So began Viking Chairman Torstein Hagen's reassuring video address to customers today. He touched on everything from extending the company's suspension of service, to how it's treating the crew, its financial backing, the new Mississippi vessel and an antidote to the seemingly unending stream of bad news.


Recalling challenges like the stock market crash of 1987, 9/11 and the global financial crisis, Hagen remembered how overwhelming they seemed at the time, but in hindsight, 'We can see how resilient we are.'

The stock market rebounded to new heights and people returned to explore the world in record numbers. 'Though it may look dark now, history shows we will work through this together,' he said.

Halting until July

Viking was the first cruise operator to suspend service, and in stretching that by two more months, it's also allowing more time than others have announced — until July.

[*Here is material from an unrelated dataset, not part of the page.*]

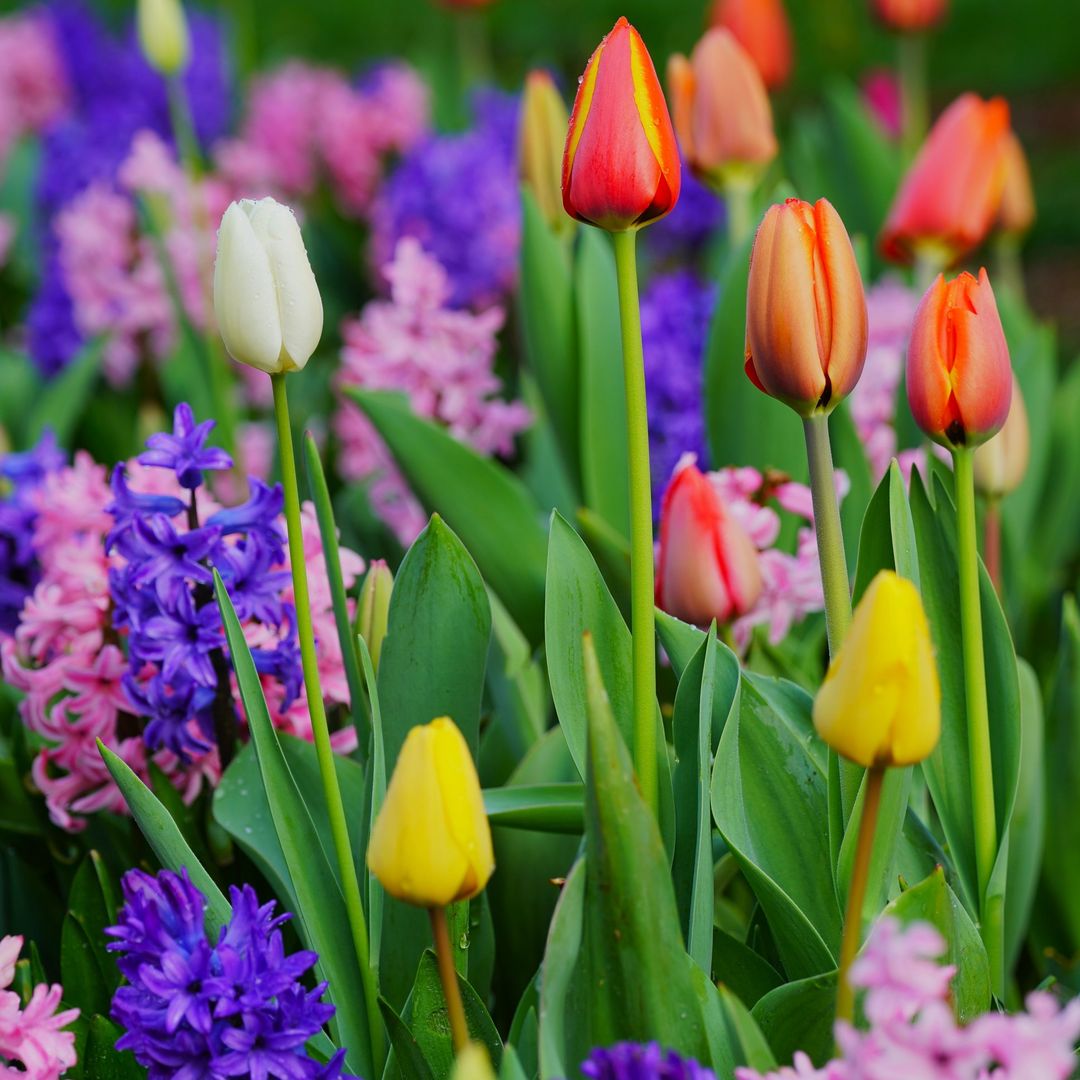 De tulipanes a narcisos o jacintos: 10 flores que puedes plantar ahora, cómo hacerlo y cuándo florecerán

'We will be using this period of non-operation to work on further scientific steps to reduce health concerns about travel on cruise ships,' Hagen said, adding: 'And I can assure you, we will only sail again when it's safe.'

Status of passengers and crew

Hagen said all guests but 14 are home, and eight of those are the sole passengers on Viking Sun as it heads to the UK. As for the crew, he expressed great appreciation and said those on the ocean ships would be retained until service resumes. Since the river season hadn't started, those crew were still home but arrangements were made for their compensation.

The Viking chief also assured the company's financial position is solid after an 'outstanding 2019,' adding that besides himself and his family, outside investors TPG, the private equity firm, and CPPIB, the Canadian pension plan investment fund, 'stand behind us.'

Hagen spoke from his apartment in Lucerne, Switzerland, where he's one of the many people working from home. That makes it tempting to frequently look at the news, he said. 'I don't mind facts. But I don't think it's healthy for the mind to have a constant barrage of negative images ... '


To that end, led by his daughter Karine, Viking's EVP, the company launched an experience channel, VikingTV, 'a venue where we can all be connected.'

VikingTV will offer live-stream sessions with Hagen, messages from the crew, entertainment hosted by some of his favorite artists, Viking-sponsored concerts, resident historian lectures and a live tour of Highclere Castle, the setting for 'Downton Abbey,' guided by Karine's friend Fiona, the countess of Canarvon and a Viking Longships godmother.

There will even be fun content for 'your grandchildren from my grand pup Finse,' Hagen added.

In addition, he announced the opening of bookings for Viking Mississippi, whose modern style and many Vikingesque features were revealed today.